▶ [Instructions for the task]: Go through the data below and transcribe it exactly. Omit the images.

▶ [Provided data]:
◆ ◆ ◆

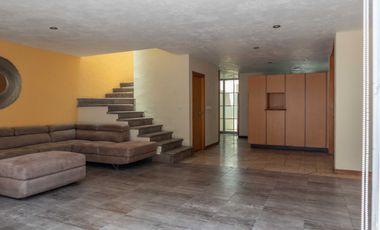 CASA EN VENTA RESIDENCIAL NUEVA GALICIA 4 RECS Y 3.5 BAÑOS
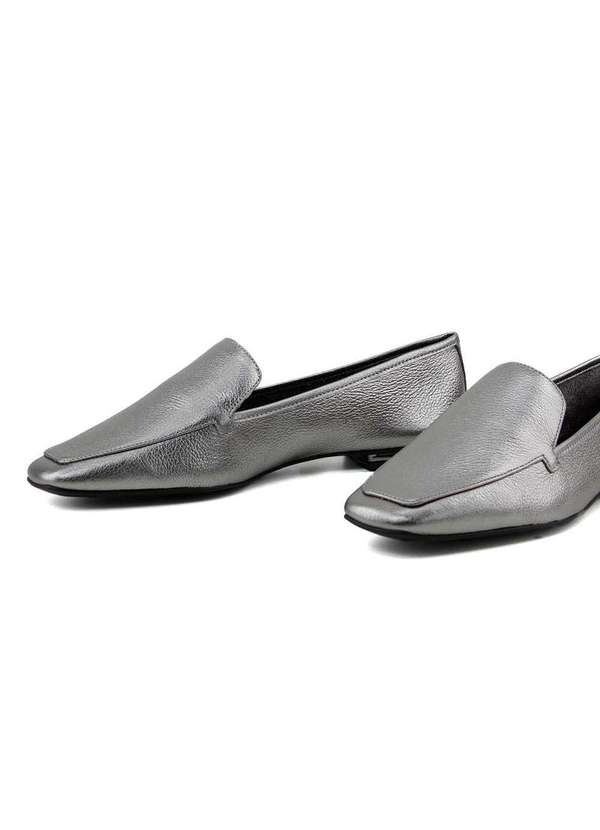 Loucos e Santos - Mocassim Loafer Loucos e Santos Grafite Cinza 4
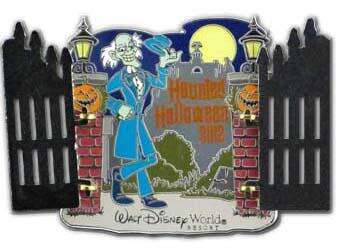 23318 - Haunted Mansion Hinged Gates - Halloween 2012 - Ezra - Walt Disney World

◆ ◆ ◆

▶ [Answer to the exercise]:
 CASA EN VENTA RESIDENCIAL NUEVA GALICIA 4 RECS Y 3.5 BAÑOS
 Loucos e Santos - Mocassim Loafer Loucos e Santos Grafite Cinza 4
 23318 - Haunted Mansion Hinged Gates - Halloween 2012 - Ezra - Walt Disney World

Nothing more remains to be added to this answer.